ここはセレクトショップという印象を持たれがちなんですけれども、実はセレクトショップではございません。ファブレスではあるんですが、全国で800社ぐらい、800の作り手のみなさまと、商品の企画と製造という商品開発を一緒にさせていただいて。

それを店頭に並べて販売しているということで、SPAと呼ばせていただいています。これが事業の主としての工芸SPAですね。こちらはどちらかというと、一緒にモノづくりをするというプロセスを通じて、日本全国の手仕事、あるいはモノづくりのメーカーさんを支援しているという営みです。

もう1つの産地支援というのは、ちょっと違った切り口です。コンサルティングや経営支援のようなかたちで、日本の工芸メーカーを元気にできないか、という意味合いで行っている事業でして。

産地やその中のメーカーさんに対するコンサルティング、あるいは販路の支援、採用のサポートなど、いわゆる経営全般のサポートをさせていただいて、少しでも産地やメーカーさんと我々の会社が一緒に手を取り合って発展していけるような世界を作っていきたいなと思っています。

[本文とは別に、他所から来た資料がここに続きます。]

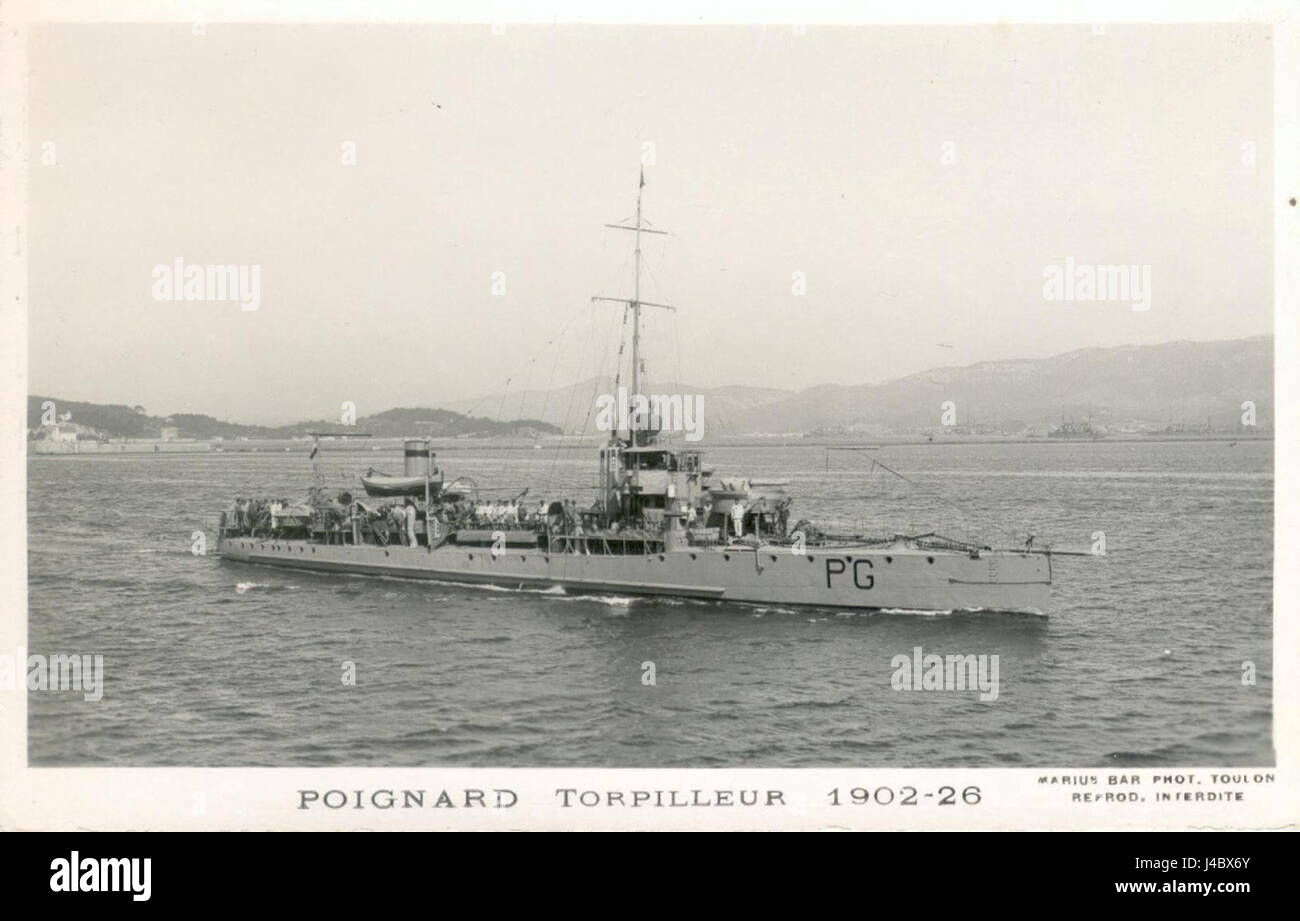 Un Poignard F est un type d'arme militaire, faisant probablement référence à un poignard ou à une petite arme de poche utilisée par les forces navales dans des situations de combat rapproché. La référence à un destroyer suggère un contexte naval, peut-être une référence à un navire ou à une action militaire. Banque D'Images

そのために目指しているところが、「日本の工芸を元気にする!」です。そんなことをビジョンとして標榜しながらやっている会社でございます。

中川政七商店が直営事業に踏み出した理由

坊垣:ありがとうございます。ちょっと差し込んでいいですか?

荻野:はい。

坊垣:今のお話を聞くと、基本的にはモノづくりから始まっていて、実際に商品をメーカーさんと一緒に作っていくところがメインなのかなと思いまして。そこからさらに小売までやられている理由はなんでしょうか?

荻野:小売というのは、直営店?

坊垣:そうです。

荻野:なるほど。もともと直営店を始めたのは、自分達の足で立って事業をしていきたいという想いですね。もともとは、卸を中心にやってきていたんですよ。

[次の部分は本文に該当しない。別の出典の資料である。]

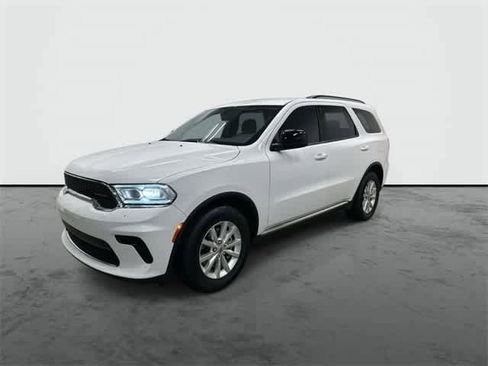 Used 2023 Dodge Durango SXT image 8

ただ、極端に言うと、卸だと問屋さんやその先の販路さんが傾くと、そのまま自分たちではどうしようもない状態まで傾いてしまうことがあって。それに、卸だけでは直接消費者の方と触れて、その声を聞くことができないんです。

なので、どうしても作り手と距離が離れてしまう、自分たちで対応できないという、わりとアンコントローラブルな状況に置かれてしまうことが多いんじゃないかという想いがございます。

そこを打破するには、非常に難易度は高いものの、直営事業に踏み出していかないと難しいんじゃないかなと。そういう想いで小売に進出をしたんですね。

坊垣:ちょっと難易度が高そうだなと思っていまして。私たちは今、このお二方の力を借りてお店を持てているような状況で、やっぱり直営店はすごくハードルが高い感じがするんですが、最初はけっこうご苦労されましたか?

荻野:私自身は入社前でしたが、そう聞いています(笑)。このお二方の前で小売を語るのは、釈迦に説法にもほどがあると思うんですけれども(笑)、やっぱり店舗数が一定以上広がらないと直営の事業は黒字化もしづらいし、効果も出づらいです。踏み切るという意思決定をする以上は、一定の規模感は求めていかないといけないんです。

当然そこに踏み出していくとき、我々の会社は規模が大きいわけでもないので、直営事業がコケるとまぁ潰れるよね、というところであるという意味で大きな意思決定だったと思います。じりじりと自分たちの位置を失って倒れていくか、リスクはあるけれど、勇気を持って踏み出していくか、というところで後者を選んで一気に振ったかたちかなと思います。

Makuake×中川政七商店の取り組み

坊垣:ありがとうございます。では次に、Makuakeとの取り組み。実はまだまだこれからというところなんですが、軽くご紹介いただいてもよろしいですか。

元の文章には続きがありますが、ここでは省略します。